Это решение предопределило постепенное исчезновение института палачей и их адъюнктов, в котором уже не оставалось смысла.
Так палачи вынуждены были поменять профессию и переквалифицироваться в простых каменщиков. И это выражение здесь не только для красного словца: в первой четверти XIX века Рига остро нуждалась в профессиональных мастерах, способных ровно и аккуратно положить брусчатку. Таковых долго не находилось. Домовладельцы готовы были платить кому угодно, лишь бы улицы были выложены выпуклым булыжником.
Рижские власти нередко стремились увековечить свой суровый суд. На пересечении Столбовой (Стабу) и Александровской (Бривибас) улиц до середины XIX века стоял столб с пугающей надписью: «14 июля 1677 года у этого столба был изорван раскаленными докрасна щипцами и заживо сожжен поджигатель Габриэль Франк из города Цвиккау, виновный в двукратном, совершенном в разных местах 21 и 22 мая поджоге, в результате чего сгорело дотла больше половины города, в том числе две церкви и школы при них».
Впрочем, не над ним одним была произведена столь жестокая расправа. В тот год вместе со студентом из Саксонии Франком в Риге был казнен за то же преступление шведский моряк Петер Андерсен.
Вряд ли кто-то из них был виновен в инкриминируемом ему деянии. Но гнев рижан, потерявших в результате опустошительного пожара свое имущество, требовал выхода наружу.
Очевидно, обвиняемые признали свою вину под пытками.
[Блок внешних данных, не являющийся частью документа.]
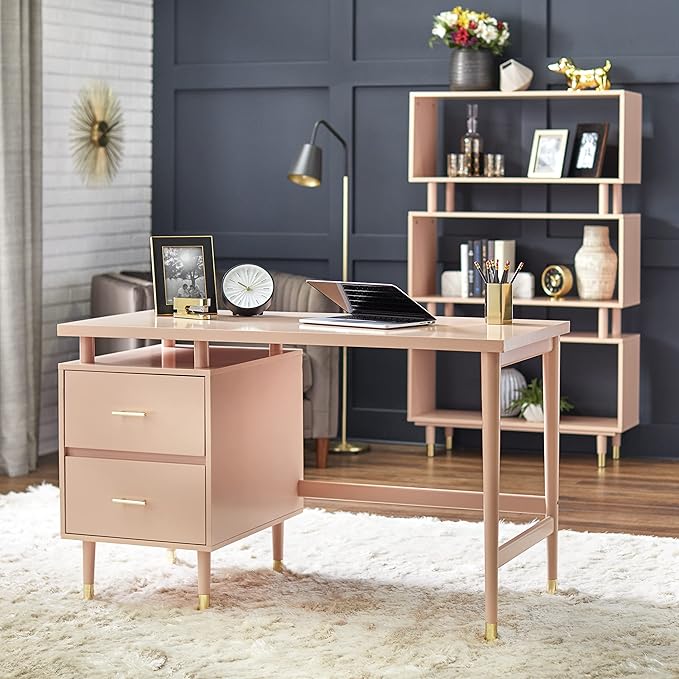 Margo 50 Wide Mid-Century Modern Wood Desk with Drawers Stylish Elevated Top Design Solid Pine Wood Tapered Legs Computer Desk for Home Office &amp Study Blush Pink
Любопытно, что их заставили сознаться в том, что они действовали по наущению московского боярина Юрия Ивановича Ромодановского, приближенного царя. И в те годы в Риге было модно искать «руку Москвы».
Старожил Риги Сергей Иванович Шутов вспоминает, что столб с металлическим шаром наверху, истыканный острыми железными шипами в память о расправе над мнимыми поджигателями, стоял на перекрестке, производя зловещее впечатление на путников. И продолжил бы стоять дальше. Судьбу его решил приезд в Ригу наследника российского престола, цесаревича Александра Николаевича, в мае 1847 года. Наследник остановился, выслушал леденящую душу историю этого монумента и озвучил мнение, что такие ужасные события могли бы обойтись и без увековечения.
Городской совет прислушался к ценному замечанию будущего императора Александра Второго. Памятник был снят.
Гранитные остатки его основания и ныне хранятся в Крестовой галерее Домского собора.
К счастью, сегодня в Риге никто никого не казнит. А быт и нравы рижских палачей создали почву для десятка легенд и преданий. Верно одно: русские государи и государыни своими указами прекратили пытки и казни в Прибалтийском крае, утвердив в массовом сознании идею высшую ценность человеческой жизни.